TASK STATEMENT: Your answer must be the exact lines from the one holding "Mario Puzo : Fools die - pikkukuva 2" through the end of the entries, with no pictures.

EXTRACTED INFORMATION:
-----

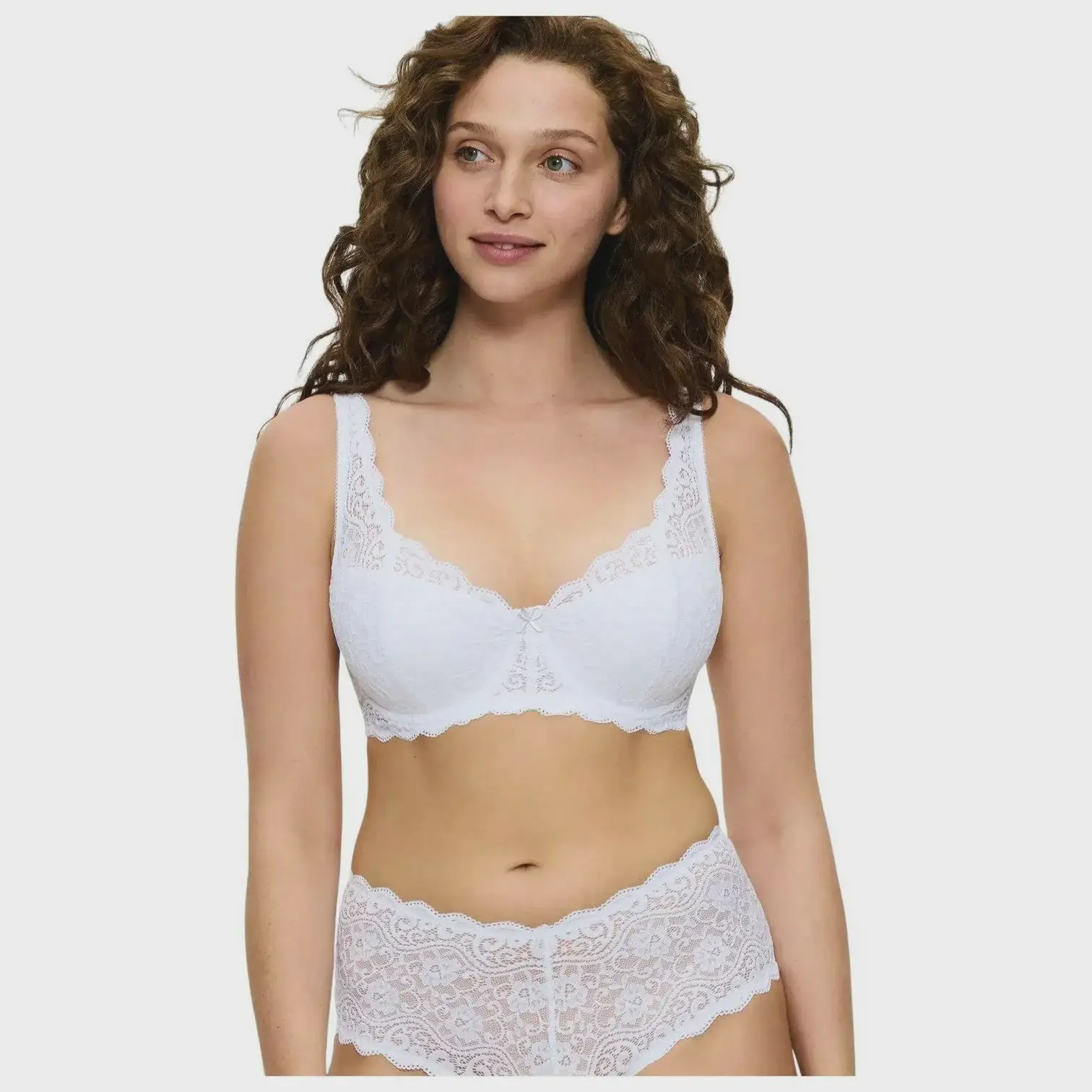 Triumph Amourette WHP Padded Bra - White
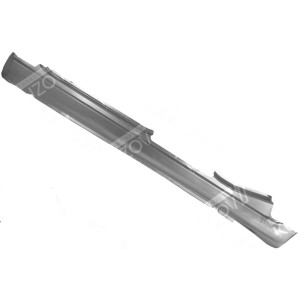 ПОРОГ (ЛЕВЫЙ) ПОЛНЫЙ ПРОФИЛЬ, ОРИГИНАЛ, 0.8 ММ, ПОЛЬША - фото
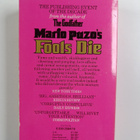 Mario Puzo : Fools die - pikkukuva 2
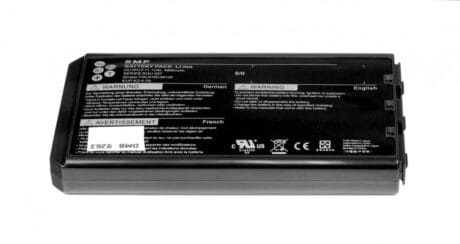 10.8V 4400mAh kvalitets lithium ion batteri til Bærbar computer - sort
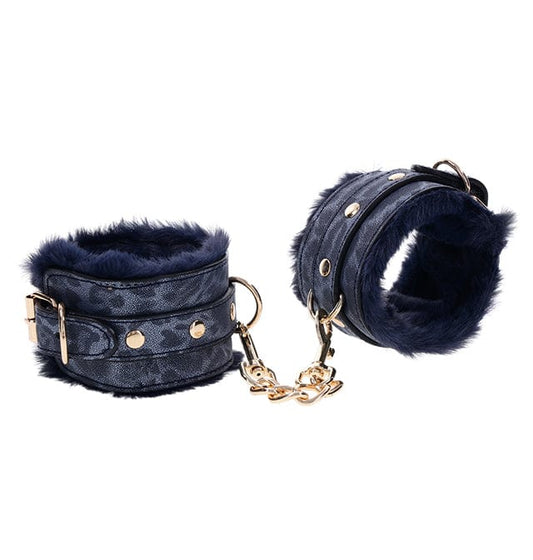 Sex & Mischief BDSM Cougar Fur Handcuffs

-----

YOUR RESPONSE:
 Mario Puzo : Fools die - pikkukuva 2
 10.8V 4400mAh kvalitets lithium ion batteri til Bærbar computer - sort
 Sex & Mischief BDSM Cougar Fur Handcuffs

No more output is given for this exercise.